Proposed model for the evolution of EGF-CFC role in Metazoa. The orthologs for EGF-CFC in spiralian representatives display different amino acids on this relevant position in the EGF-like domain, whereas all representatives of Chordata and some echinoderms display a threonine. The change of amino acid in this specific position would have happened either in the ancestor of Chordata or in the ancestor of all deuterostomes (see supplementary S3, Supplementary Material online). This gave the coreceptor the ability to interact with the ligand, and regulate Pitx expression, thereby participating in the establishment of LRA. In Spiralia and its ancestor, the function of EGF-CFC would not be linked to LRA, but to gastrulation and axis determination.

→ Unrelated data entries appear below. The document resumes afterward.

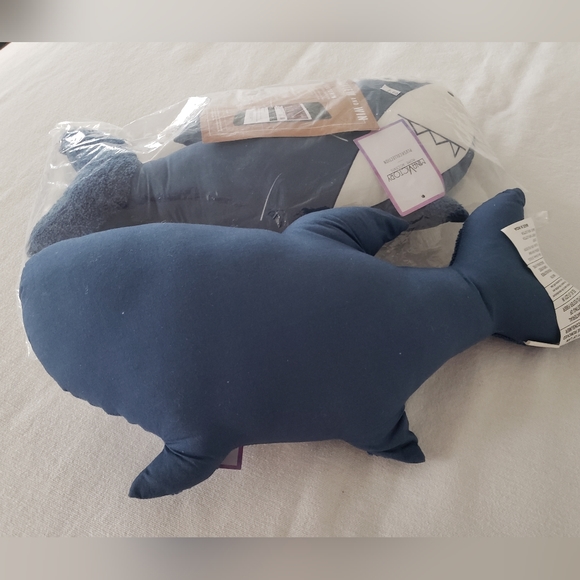Mina Victory Plush Shark Decorative Pillow Collection Set of 2 - Discontinued - Picture 5 of 12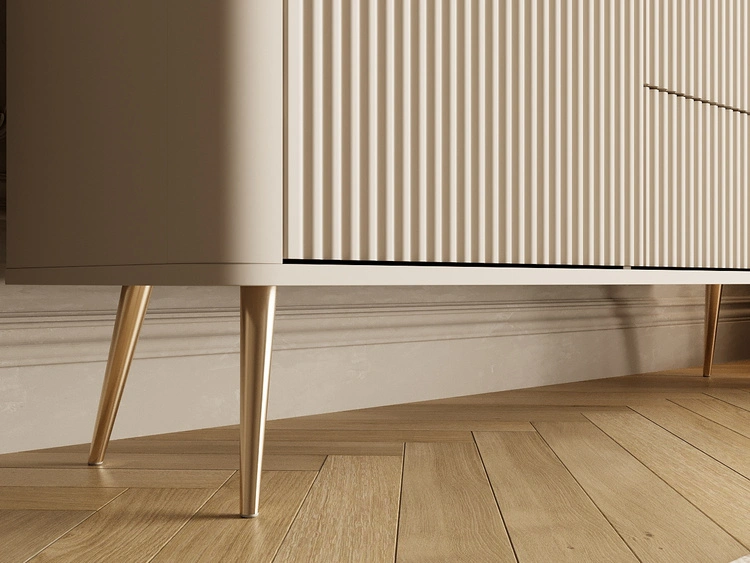 Kommode mit Türe und Schubladen Latina Beige
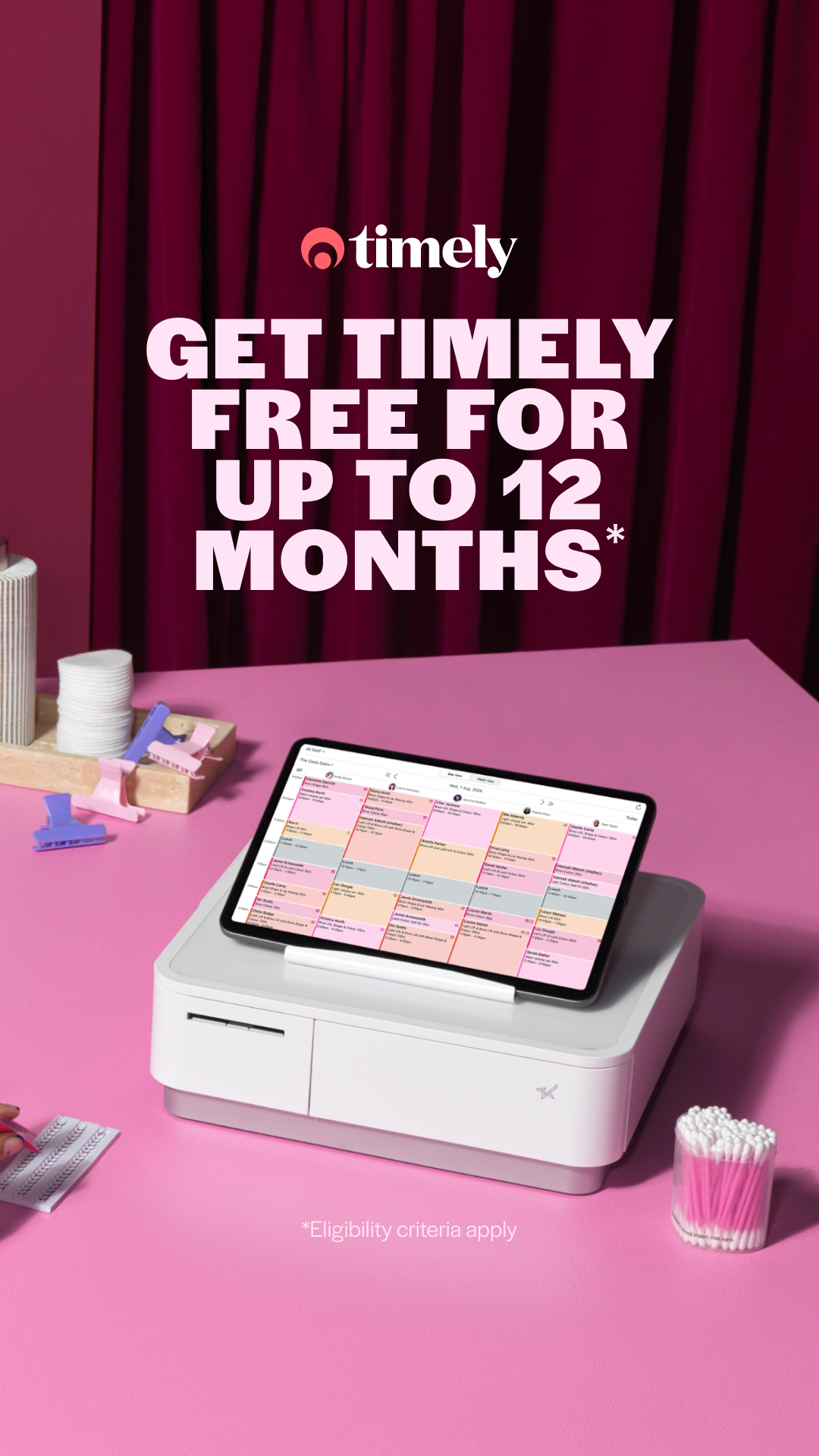 Timely Appointment Software Facebook ad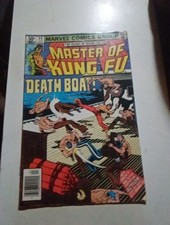 Marvel Comics Master Of Kung Fu Death Boat #99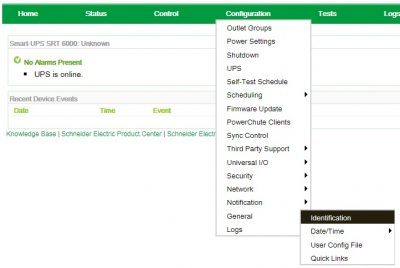 apc configuration snmp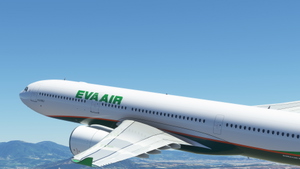 Headwind A330-900neo EVA Air & old livery with & without mask 8K thumbnail 1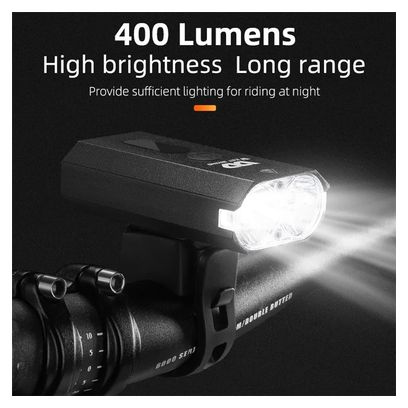 Strong light outdoor bike flashlight 360 DEGREE ROTATION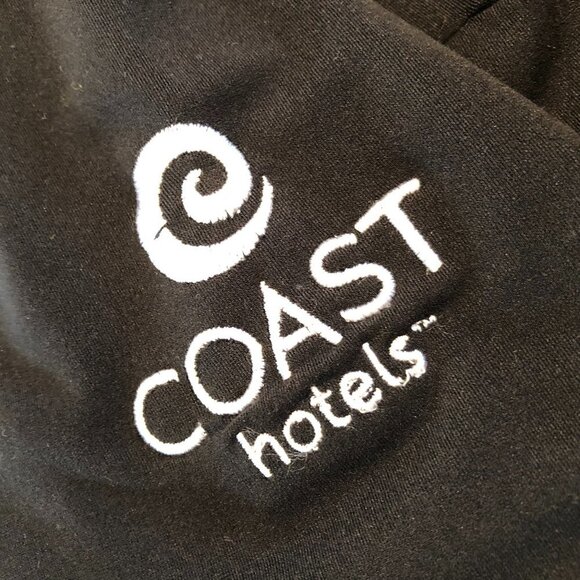 Adidas Golf Pure Motion Long Sleeve Zip-Up + Snap Closure Jacket in Black Sz M - Picture 8 of 15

The regulation of LRA is proposed to be independent of the coreceptor for Spiralia. Pitx ancestral function would be related to neural specification, and it would remain as the only function of this gene in those clades that lack the ligand and coreceptor. The color filled boxes represent presence of the protein in a given clade. The gray filled boxes represent inferred hypothetical presence of the protein. The dotted line boxes represent the absence of an ortholog. X, any amino acid; T, threonine; LRA, left-right asymmetry.